OIL+WATER
The projects investigate two crucial resources of the Texas Coast: Oil and Water, and their relationship to the natural, cultural, and built environment.
Both oil and water have been a premise for settlement and a motor for growth in the coastal landscape of South Texas. Following the end of the United States oil export embargo from 1975, the late oil-boom of 2016 once again brings economic growth but also environmental challenges to the region.
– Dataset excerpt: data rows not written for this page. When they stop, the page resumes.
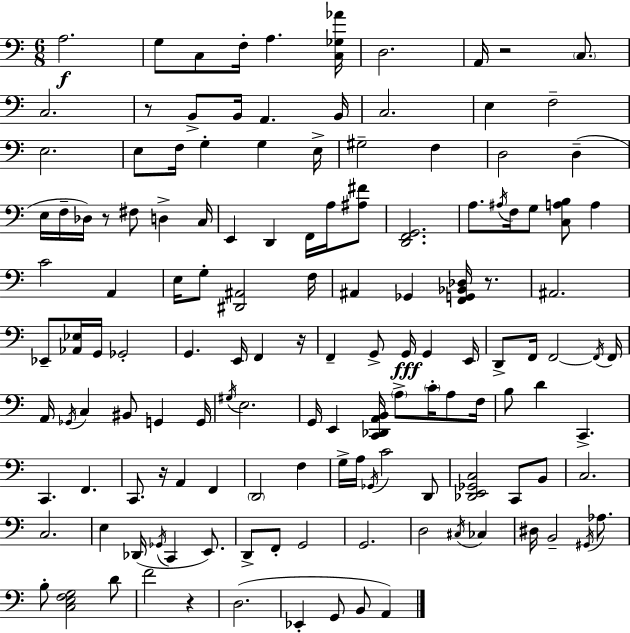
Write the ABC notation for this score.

X:1
T:Untitled
M:6/8
L:1/4
K:C
A,2 G,/2 C,/2 F,/4 A, [C,_G,_A]/4 D,2 A,,/4 z2 C,/2 C,2 z/2 B,,/2 B,,/4 A,, B,,/4 C,2 E, F,2 E,2 E,/2 F,/4 G, G, E,/4 ^G,2 F, D,2 D, E,/4 F,/4 _D,/4 z/2 ^F,/2 D, C,/4 E,, D,, F,,/4 A,/4 [^A,^F]/2 [D,,F,,G,,]2 A,/2 ^A,/4 F,/4 G,/2 [C,A,B,]/2 A, C2 A,, E,/4 G,/2 [^D,,^A,,]2 F,/4 ^A,, _G,, [F,,G,,_B,,_D,]/4 z/2 ^A,,2 _E,,/2 [_A,,_E,]/4 G,,/4 _G,,2 G,, E,,/4 F,, z/4 F,, G,,/2 G,,/4 G,, E,,/4 D,,/2 F,,/4 F,,2 F,,/4 F,,/4 A,,/4 _G,,/4 C, ^B,,/2 G,, G,,/4 ^G,/4 E,2 G,,/4 E,, [C,,_D,,A,,B,,]/4 A,/2 C/4 A,/2 F,/4 B,/2 D C,, C,, F,, C,,/2 z/4 A,, F,, D,,2 F, G,/4 A,/4 _G,,/4 C2 D,,/2 [_D,,E,,_G,,C,]2 C,,/2 B,,/2 C,2 C,2 E, _D,,/4 _G,,/4 C,, E,,/2 D,,/2 F,,/2 G,,2 G,,2 D,2 ^C,/4 _C, ^D,/4 B,,2 ^G,,/4 _A,/2 B,/2 [C,E,F,G,]2 D/2 F2 z D,2 _E,, G,,/2 B,,/2 A,,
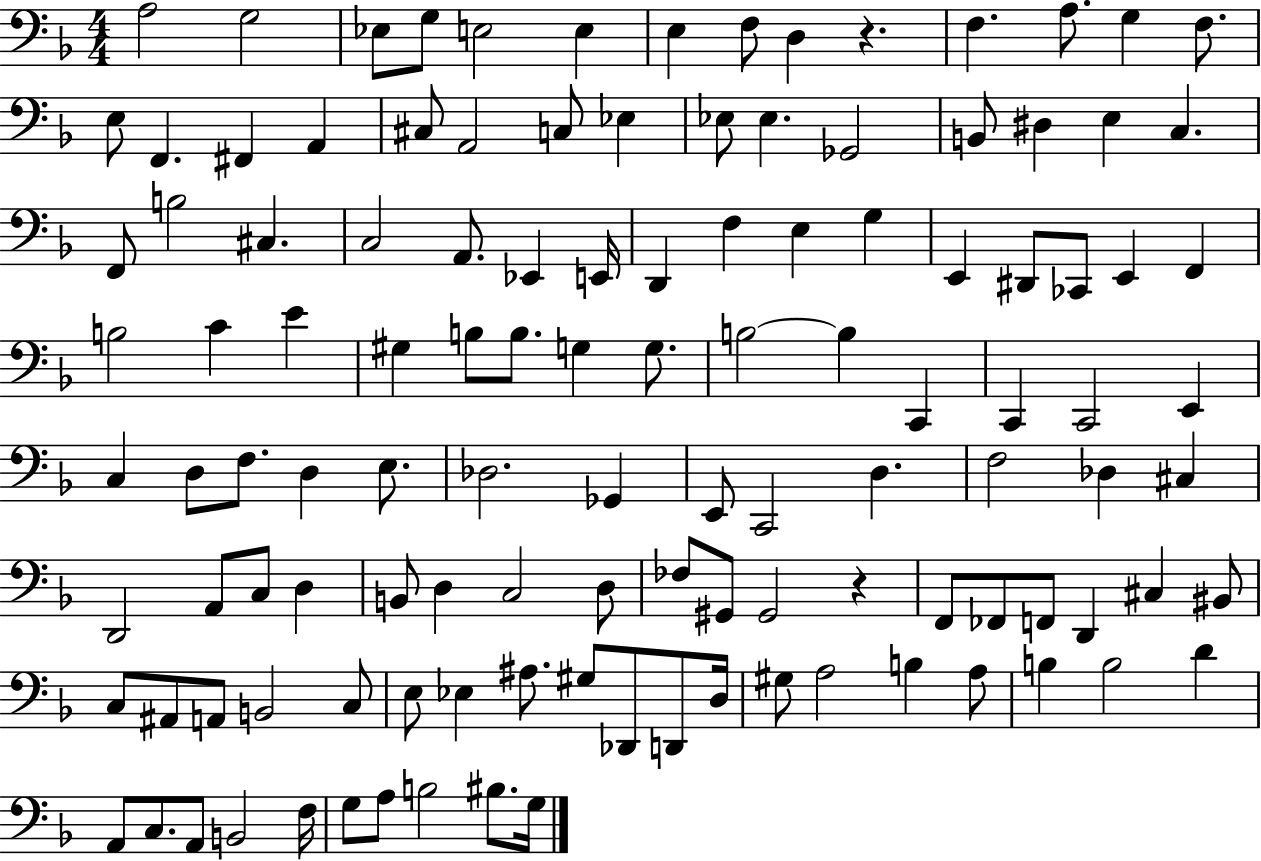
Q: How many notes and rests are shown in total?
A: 119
The Epoch of the Anthropocene, the impact of human activity on the climate, is visible. The Texas coast and its petrochemical industry have generated a new landscape: a landscape of oil and water. While water used to be a premise for settlement all over the world, it became a resource, equally crucial for petrochemical processing as for their distribution around the globe. The geopolitical impact of Texas oil, logistically distributed though the Texas coast, is huge. With well over one million barrels of oil products exported per day, Texas now produces more oil than Iran or Iraq. The late oil-boom of 2016 is a fundamental parameter in the (re)formation and
(re)industrialization of Texas’ coastal landscape.
/ VISION
Resilient (city) landscapes balancing oil and water ecologically, culturally, and economically.
/ MISSION
Committed to knowledge, we develop inclusive future scenarios based on progressive design, research, and community input.